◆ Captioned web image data
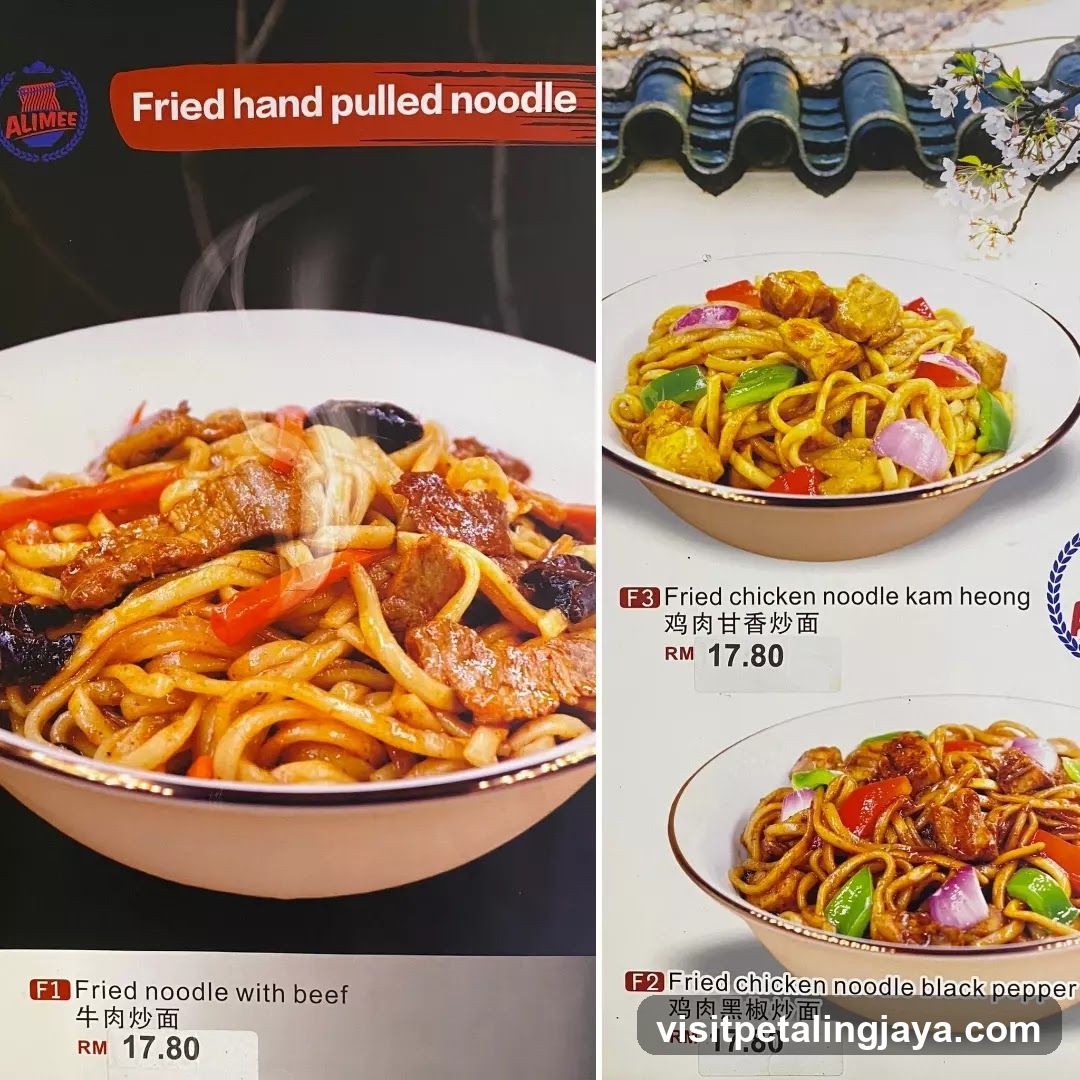 Fried hand pulled noodle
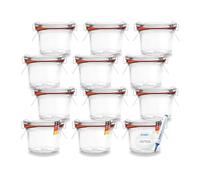 flaschenbauer.de Weck Lot de 12 petits bocaux en verre de 80 ml, utilisables comme mini pot à œufs, à confiture, à provisions, ou de conserve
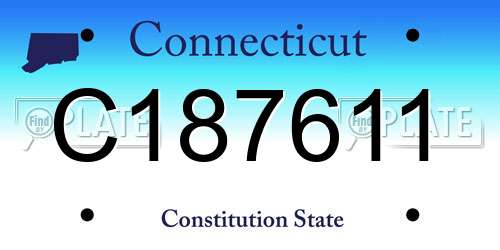 C187611 Connecticut License Plate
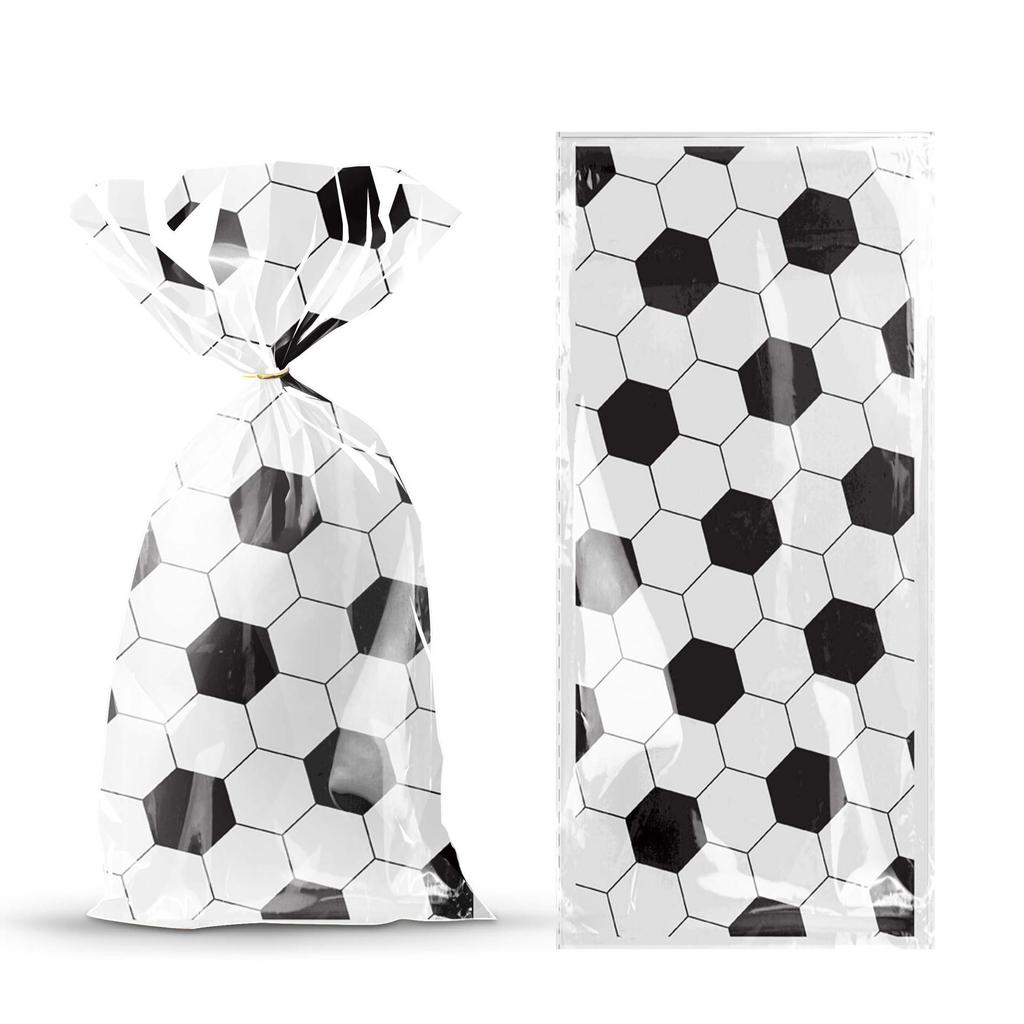 Champions League & World Cup Themed Candy Bags - 4-Piece Set for Football Parties
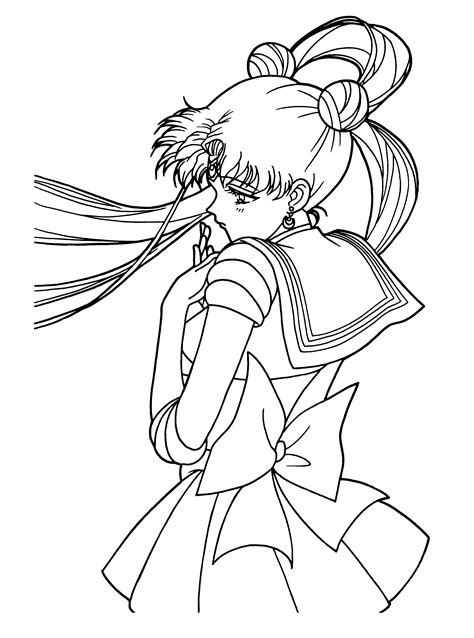 Coloring Pages Sailor Moon Animated Images S Pictures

◆ EXERCISE
Please retype every record above exactly, leaving out the pictures.

◆ WRITTEN ANSWER
 Fried hand pulled noodle
 flaschenbauer.de Weck Lot de 12 petits bocaux en verre de 80 ml, utilisables comme mini pot à œufs, à confiture, à provisions, ou de conserve
 C187611 Connecticut License Plate
 Champions League & World Cup Themed Candy Bags - 4-Piece Set for Football Parties
 Coloring Pages Sailor Moon Animated Images S Pictures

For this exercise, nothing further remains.